┌─ RECORDS SHOWN

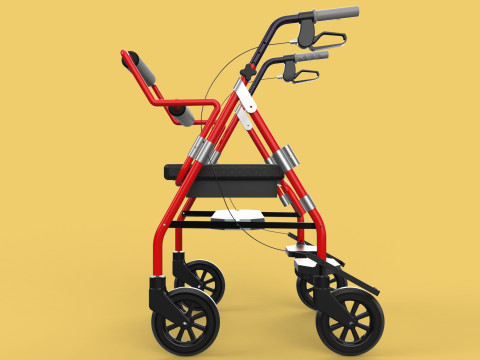 ROLLATOR ROLLING WHEELED WALKER FOLDABLE WALKING FRAME SEAT AID 3Dモデル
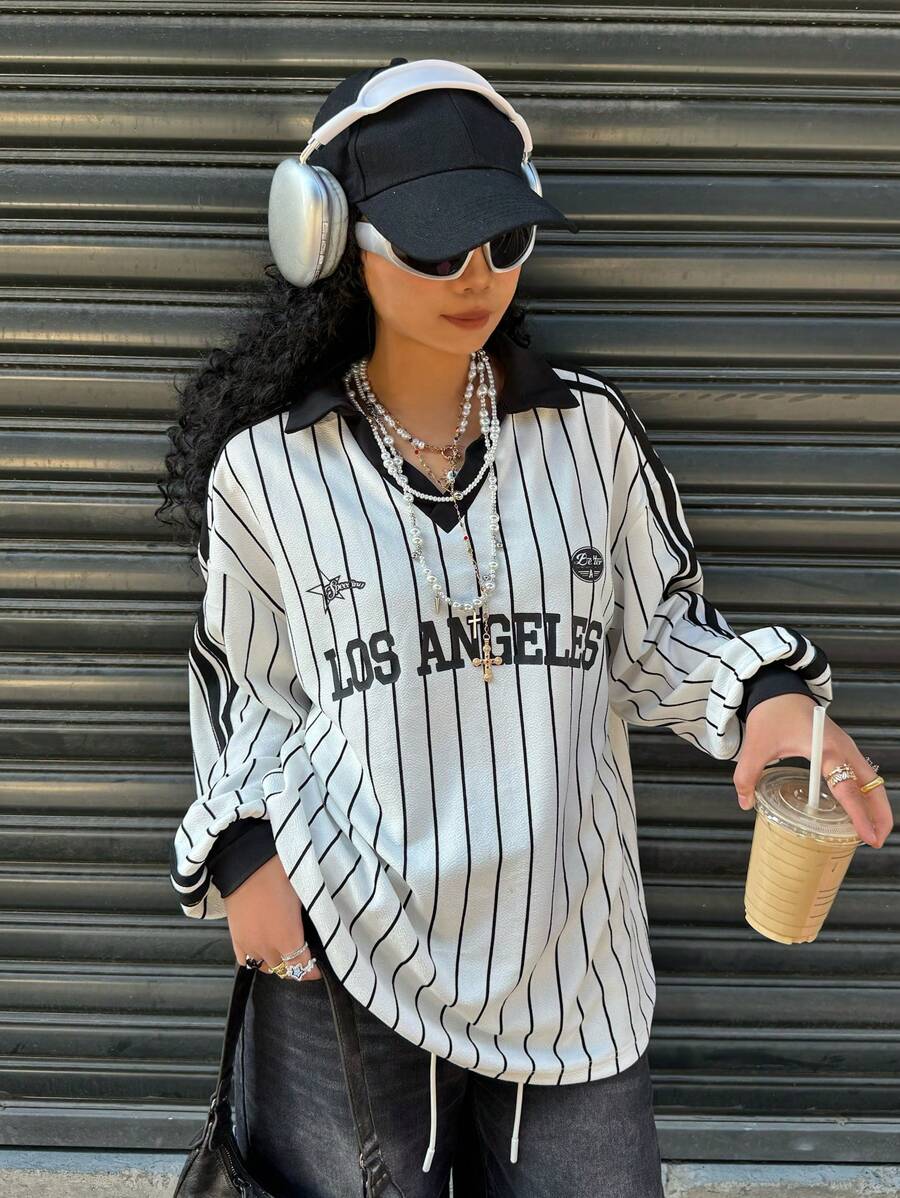 SHEIN EZwear Women's New Striped Letter & Number Print T-Shirt, Sporty Style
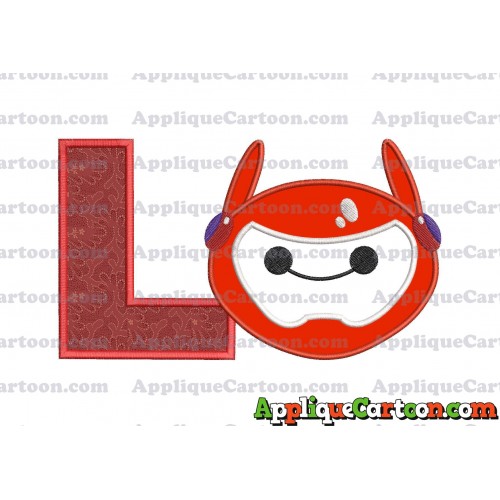 Baymax Emoji Applique Embroidery Design With Alphabet L
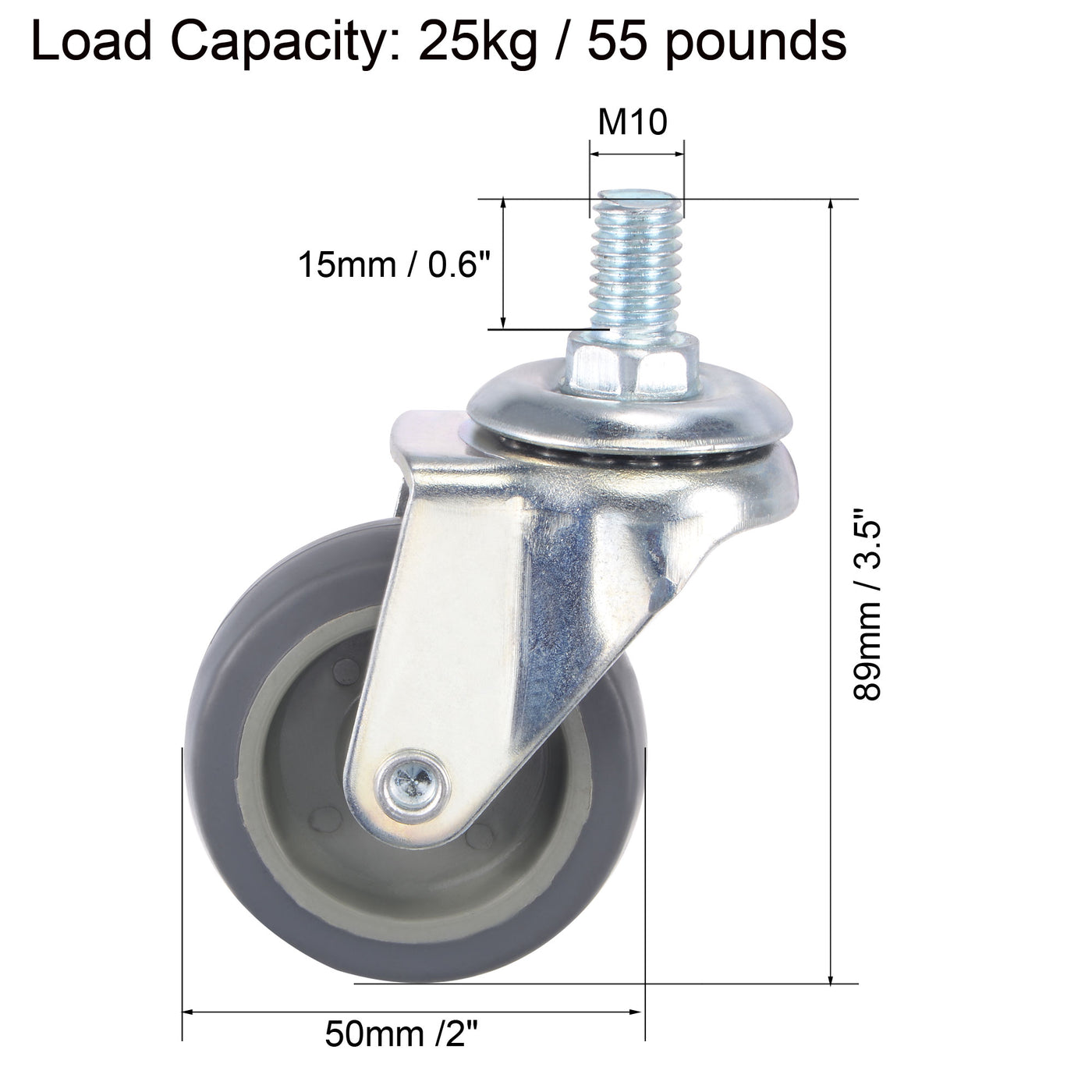 Harfington Swivel Stem Caster Load Capacity, for Workbench Trolley, TPE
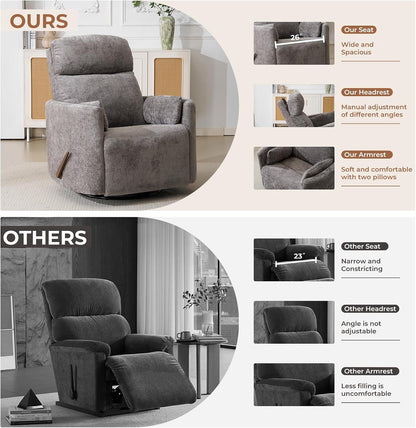 Oversized Swivel Rocker Recliner with Massage and Heat, Swivel Nursery Recliner With Adjustable Headrest, Manual Rocker Recliner Chair with Two Removable Pillows, High Back Barrel Armchair,White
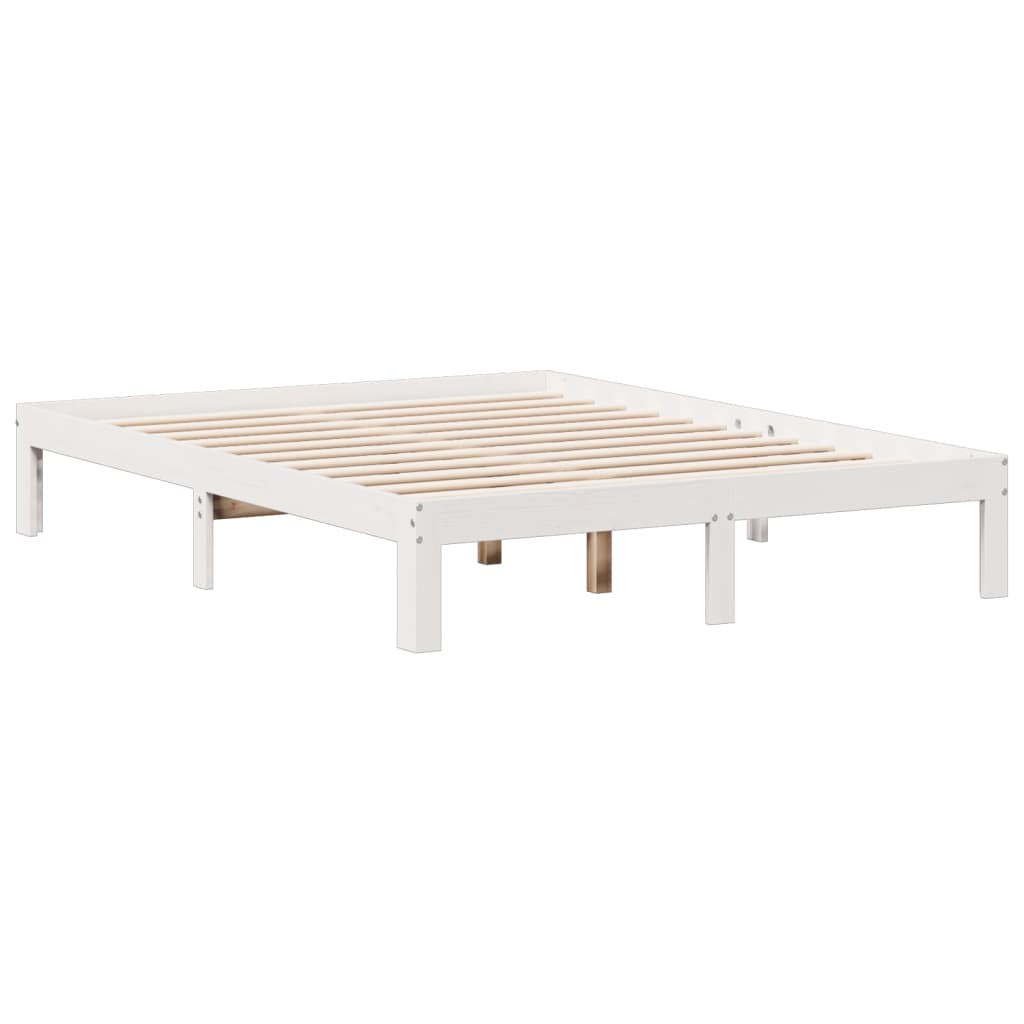 vidaXL Bookcase Bed without Mattress White 160x200cm Solid Wood Pine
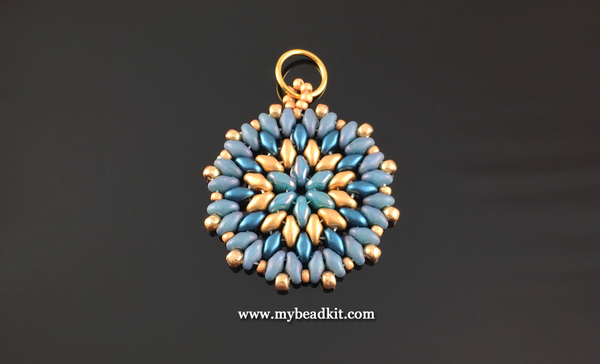 Mandala Style Pendant Kit - 2-hole Glass Beads - Teal & Gold
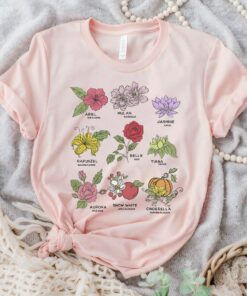Vintage Disney Princesses Types Of Flowers T-Shirt Vintage Floral T-Shirt, Disney Trip Tee, Disneyland Vacation Unisex T-shirt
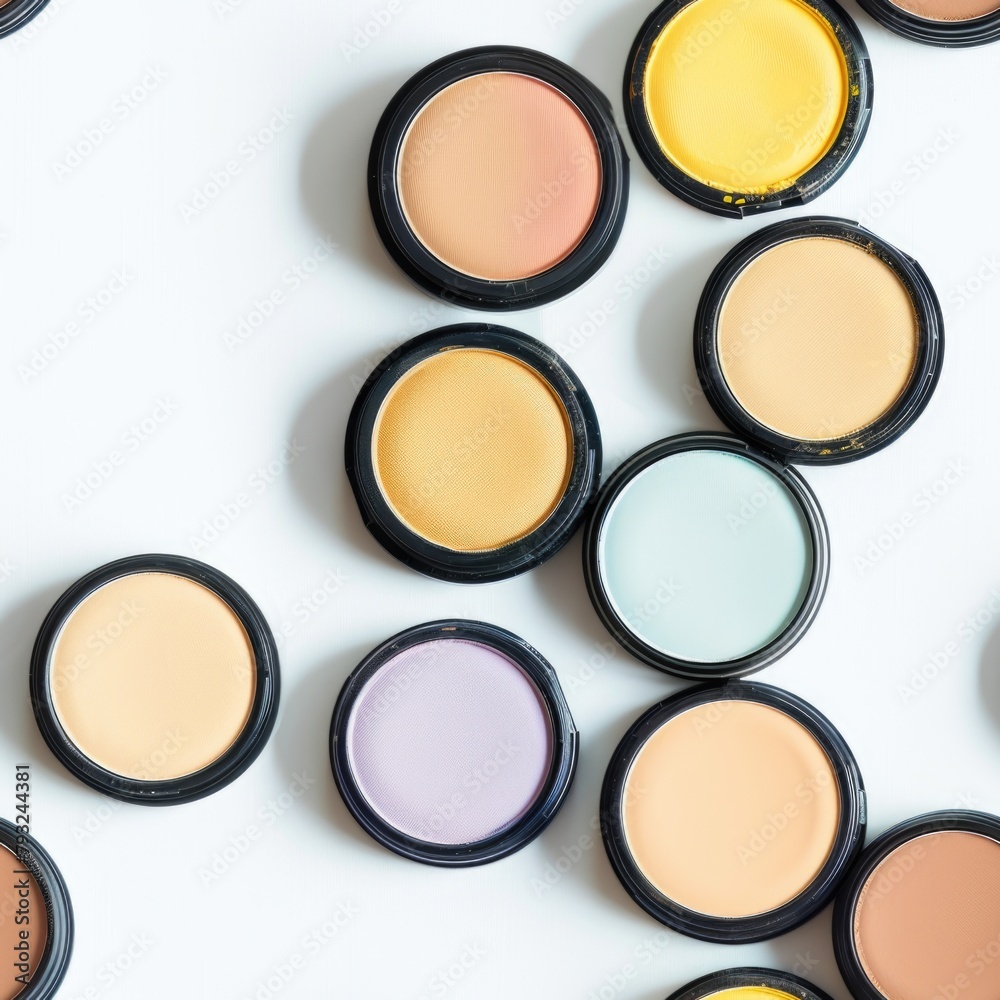Various shades of makeup products displayed on a white table Various shades of makeup products displayed on a white table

└─

YOUR INSTRUCTIONS →
The exact lines from the beginning of the data through the one that contains "Mandala Style Pendant" must be given again, both ends included, and pictures must be left out.

REPLY TO THE EXERCISE →
 ROLLATOR ROLLING WHEELED WALKER FOLDABLE WALKING FRAME SEAT AID 3Dモデル
 SHEIN EZwear Women's New Striped Letter & Number Print T-Shirt, Sporty Style
 Baymax Emoji Applique Embroidery Design With Alphabet L
 Harfington Swivel Stem Caster Load Capacity, for Workbench Trolley, TPE
 Oversized Swivel Rocker Recliner with Massage and Heat, Swivel Nursery Recliner With Adjustable Headrest, Manual Rocker Recliner Chair with Two Removable Pillows, High Back Barrel Armchair,White
 vidaXL Bookcase Bed without Mattress White 160x200cm Solid Wood Pine
 Mandala Style Pendant Kit - 2-hole Glass Beads - Teal & Gold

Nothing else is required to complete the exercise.